# ASSIGNED TASK:
Only one stretch of the records below should be repeated. It starts with the line containing "Кнопка смыва IDDIS" and goes on through the line containing "Bubble 'n Roll Kaugummi", exactly as written.

# INPUT FOR THIS TASK:

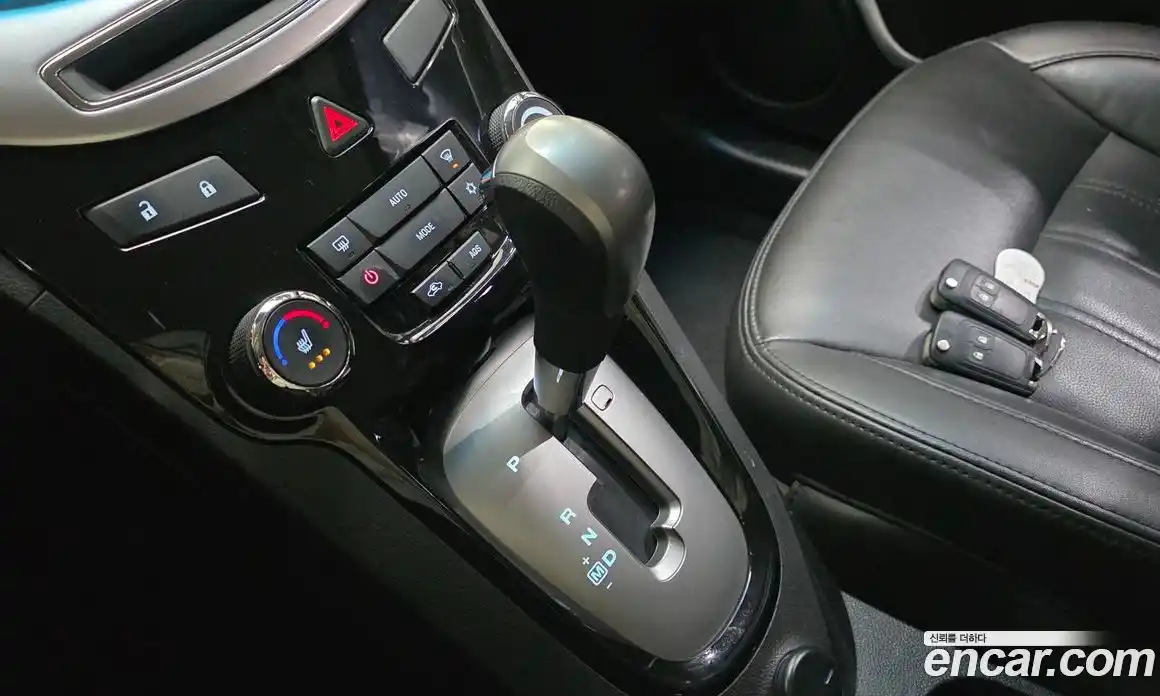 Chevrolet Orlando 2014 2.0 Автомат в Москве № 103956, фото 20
---
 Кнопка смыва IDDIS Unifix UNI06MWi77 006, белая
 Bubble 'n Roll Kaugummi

# OUTPUT FOR THIS EXERCISE:
 Кнопка смыва IDDIS Unifix UNI06MWi77 006, белая
 Bubble 'n Roll Kaugummi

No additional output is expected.